"Difficult" to de-anonymize is not enough. It must be impossible, and the burden of risk must be on Netflix, not the customer. We're sympathetic in this case because the contest is innovative and interesting. Imagine a slightly different story. In this one, the FBI asks Netflix for "anonymized" information, then de-anonymizes it and starts wiretapping people considered "suspicious." I think we would be rightly appalled at the idea of the government monitoring the movies we watch, and we would criticize anyone handing over the information they need to do it without asking or notifying us.
It's the same thing here, and Netflix should ensure opt-in with full disclosure of the potential for de-anonymization for the same reasons.
When I sign up for a service, I don't expect the vendor to publish data of my transactions to the entire world, even if they claim it is anonymized.
http://userweb.cs.utexas.edu/~shmat/shmat_oak08netflix.pdf http://userweb.cs.utexas.edu/~shmat/netflix-faq.html
When you're using private data in any public way, or even with "partners or affiliates," you need to be very careful, watchful and responsive.
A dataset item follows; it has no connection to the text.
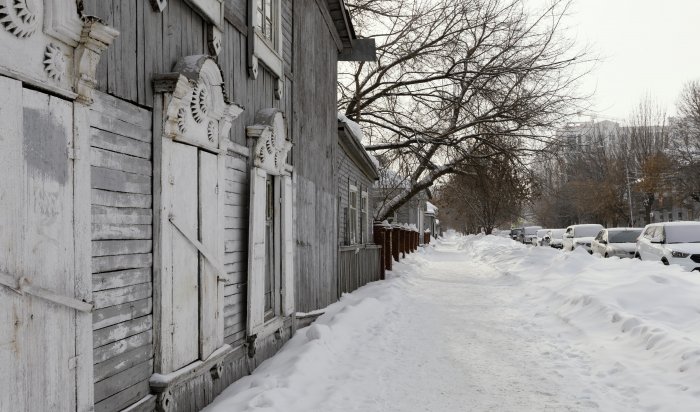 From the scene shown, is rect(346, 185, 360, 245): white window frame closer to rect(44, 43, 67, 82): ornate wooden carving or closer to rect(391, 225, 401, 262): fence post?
rect(391, 225, 401, 262): fence post

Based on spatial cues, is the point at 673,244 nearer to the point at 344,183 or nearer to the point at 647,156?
the point at 344,183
One's "political orientation maybe revealed by his strong opinions about "Power and Terror: Noam Chomsky in Our Times" and "Fahrenheit 9/11," and his religious views by ratings on "Jesus of Nazareth" and "The Gospel of John." Even though one should not make inferences solely from someone's movie preferences, in many workplaces and social settings opinions about movies with predominantly gay themes such as "Bent" and "Queer as folk" (both present and rated in [one individual's] Netflix record) would be considered sensitive"
For certain types of agreements, good faith is not enough. Netflix chooses to go into a business where it is privy to private information about its customers. The onus is on Netflix to protect that information.
I would say the same thing had hackers cracked their security and made off with the data. Good faith efforts that fail to secure the data are not enough, they must succeed in protecting the privacy of their customers.
If they know that the information can be de-anonymized using publicly available information, have they really made a good-faith effort?
See http://arstechnica.com/tech-policy/news/2009/09/netflix-priz... and its links.
This post, which is linked from the ARS article states a given birthdate, gender, and zip code can uniquely identify most Americans. So, while the parent should probably specify birthdate instead of age, a name is definitely not needed.
As stated elsewhere Netflix should just have a clear opt-in for sharing the data and we can continue on.
I am a little surprised to see that people who are generally uproar against companies not respecting privacy think it is perfectly ok to do it if it is for "science".
This is one of the big reasons why academics cannot release data BTW, especially in the social science: anonymizing data almost inherently means destroying valuable information.
And I agree with one of the comments on that post - why doesn't Netflix have people opt-in to have their data anonymized and used for this purpose?
Edit: replaced bureaucracy with lawsuits
This was a privacy issue, and something legitimate to address.
I find it surprising that there wasn't a middle-ground which anonymized or didn't include personally identifying information.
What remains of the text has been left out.